Low Power Digital CMOS Buffer Systems for Driving Highly Capacitive Interconnect Lines

Radu M. Secareanu and Eby G. Friedman
Department of Electrical and Computer Engineering, University of Rochester, Rochester, NY 14627-0231

Abstract — A CMOS buffer system to drive highly capacitive interconnect lines with reduced power dissipation is presented. The speed of the proposed buffer system is equivalent to the speed of an optimal tapered buffer that drives an equivalent capacitive load, while the power dissipation and area are significantly reduced. The proposed buffer system also provides low switching noise and improved chip reliability by decreasing the likelihood of electromigration and on-chip hot spots.

I. INTRODUCTION

In modern high performance digital circuits, high interconnect resistance and capacitance have become an important factor in limiting performance. Multiple solutions for driving highly capacitive loads such as a High Drive (HD) buffer [1] or cascaded tapered buffers [2-6] have been proposed. Approaches for driving highly resistive RC lines have also been described in [7-11].

Power dissipation is an important limiting factor in the integration density. Deep submicrometer (DSM) technologies and high yields permit the integration of millions of transistors. One primary limitation to increasing integration density, however, is the on-chip power dissipation.

Fig. 1. Transistor-level schematic of a six stage CMOS tapered buffer

The on-chip interconnect also represents a major source of power dissipation. Typically, the highly capacitive interconnect lines are driven by tapered buffer systems, as shown in Fig. 1. An optimally sized tapered buffer to minimize delay has a tapering factor of \( \epsilon = 2.73 \) [3-5]. Practically, a useful tapering factor is between three and four [5].

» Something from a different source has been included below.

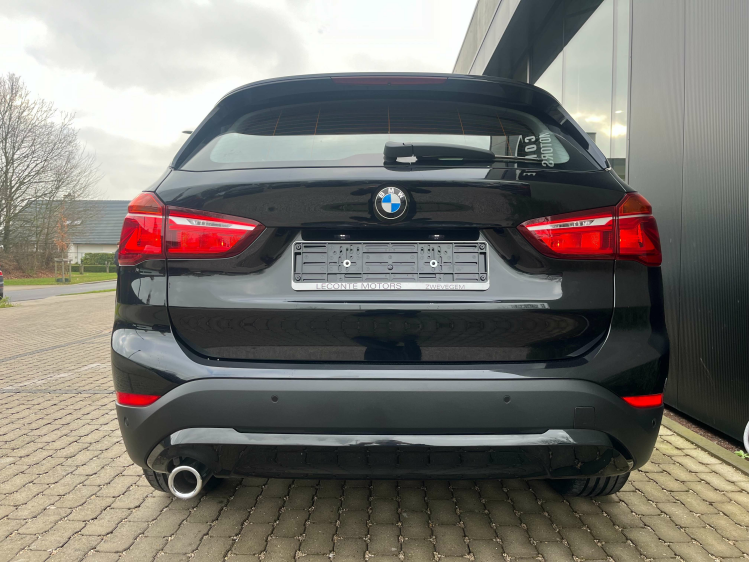 BMW X1 X1 sDrive18iA 6.815km Navigatie/Cruise/PDC/BLTH..! Leconte Motors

There are two primary capacitive elements that induce on-chip power dissipation, the capacitive load of the buffer \( C_L \) and the internal capacitance of the buffer \( C_{int} \) which is the gate capacitances plus the junction capacitances of each transistor. The junction capacitances are a small fraction of the total gate capacitances, particularly for the transistor sizes considered in this paper, and are therefore neglected. Accordingly, a tapered buffer driving a capacitive line dissipates a total power \( P_{tb} \) given by

\[
P_{tb} = (C_L + C_{int}) V^2 f,
\]

where \( V \) is the voltage swing at the output of each stage of the buffer (typically \( V_{DD} \)) and \( f \) is the switching frequency. The proposed buffer system reduces the total power dissipation required to drive a capacitive load by reducing the internal capacitance of the buffer, \( C_{int} \).

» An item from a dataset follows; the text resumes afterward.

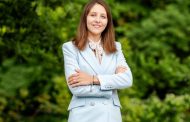 Ioana Georgescu, tânăra primăriță cu ambiții mari pentru Călinești, la Premiile de Excelență ale „Argeșului”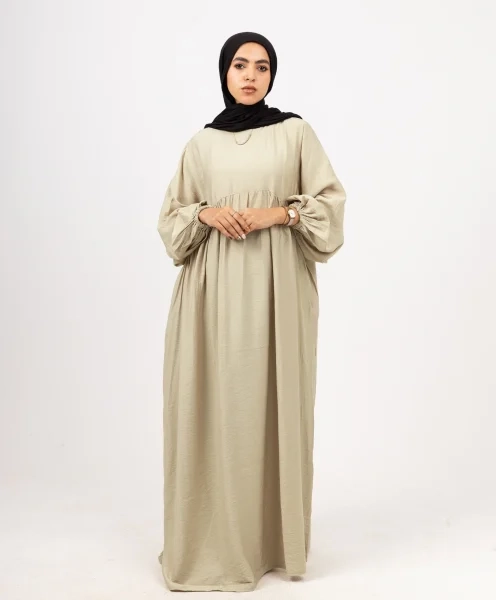 Floral Summer Dress - Image 2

A detailed description of the operation of the proposed buffer circuit system with an emphasis on the process in which the power dissipation is reduced and distributed in time is presented in Section II. Simulations that characterize the performance of the proposed buffer system are described in Section III. Finally, some conclusions are presented in Section IV.

II. OPERATION OF THE BUFFER SYSTEM

The basic objective of this paper is to present a buffer system that provides the same speed as a tapered buffer (optimized for speed) while providing a significant savings in dissipated power. To achieve this goal, an HD buffer [1] optimized for power is used to drive the same capacitive load as an (optimal speed) tapered buffer. The output signal of the HD buffer optimized for power is restored by an HDR buffer [11] which drives the logic gates. A block level schematic of the proposed buffer system is shown in Fig. 2.

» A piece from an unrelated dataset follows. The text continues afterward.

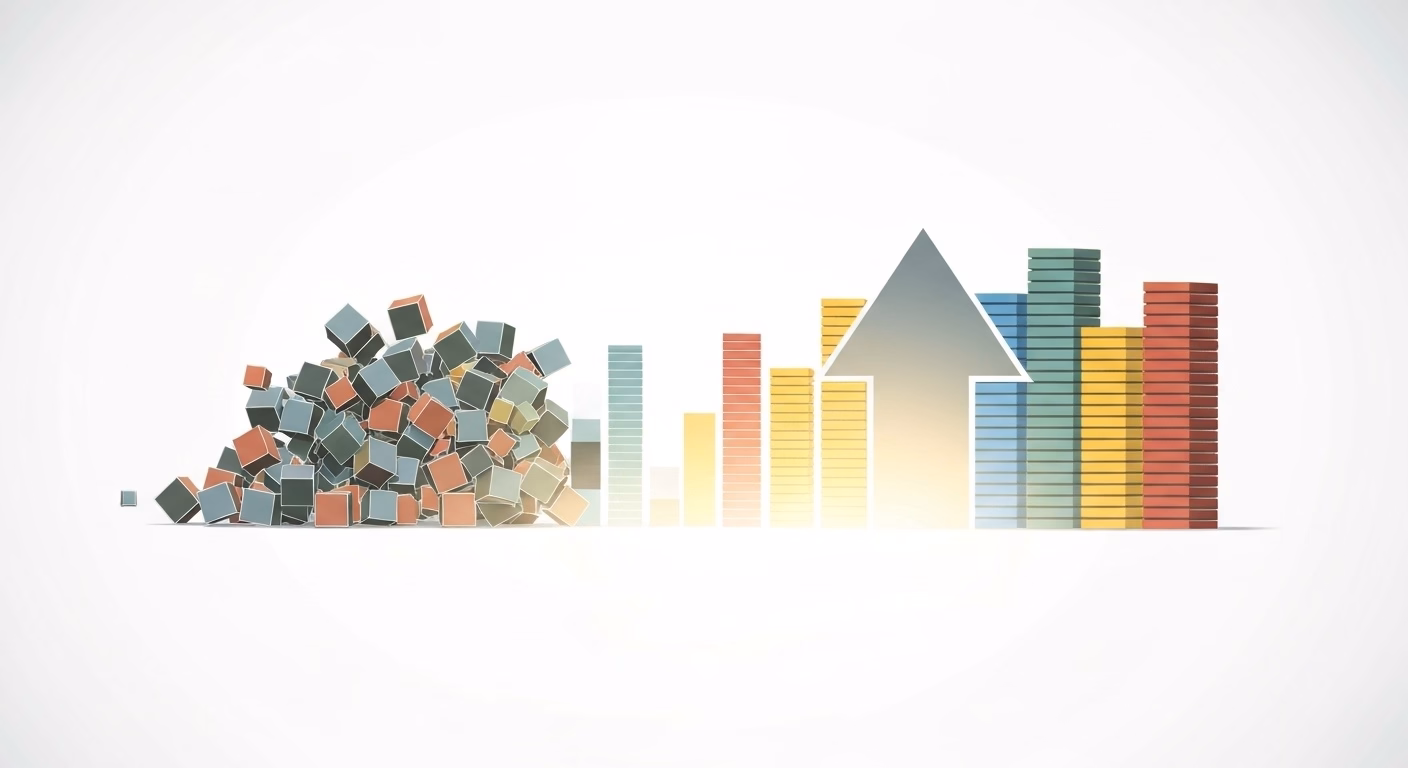 Embrace a Future of Clearer Information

Fig. 2. A block level schematic of the proposed buffer system

A buffer circuit to drive large capacitive loads with improved speed, area, and power dissipation, the HD buffer, has been introduced in [1]. The performance of the HD buffer optimized for power [called a same speed HD buffer (SHD)] has also been presented in [1]. The circuit schematic of the SHD is shown in Fig. 3.

The internal power dissipation of the SHD is reduced as compared to a tapered buffer and an HD buffer according to the following factors:

- For each stage of an optimal tapered buffer (other than the last stage) and a low-to-high input transition, the output of that stage must drive the parasitic gate capacitance of the N-channel transistor of the following stage, representing 25% of the total capacitance at the output of a stage. For the high-to-low input transition of each stage, the output drives the parasitic gate capacitance of the P-channel transistor of the following stage, representing 75% of the total capacitance at the output of a stage. The HD buffer utilizes the driving (p and n), fast nulling (q), and maintenance nulling (m) transistors [1]. By using two separate paths, one path for the low-to-high input transition and another path for the high-to-low input transition, the HD buffer eliminates the parasitic capacitances for both input transitions. This behavior occurs since the load of each driving transistor except for the

This research was supported in part by the National Science Foundation under Grant No. MIP-9610108, the Semiconductor Research Corporation under Contract No. 99-TJ-667, a grant from the New York State Science and Technology Foundation to the Center for Advanced Technology—Electronic Imaging Systems, and by grants from the Xerox Corporation, IBM Corporation, Intel Corporation, Lucent Technologies Corporation, and Eastman Kodak Company.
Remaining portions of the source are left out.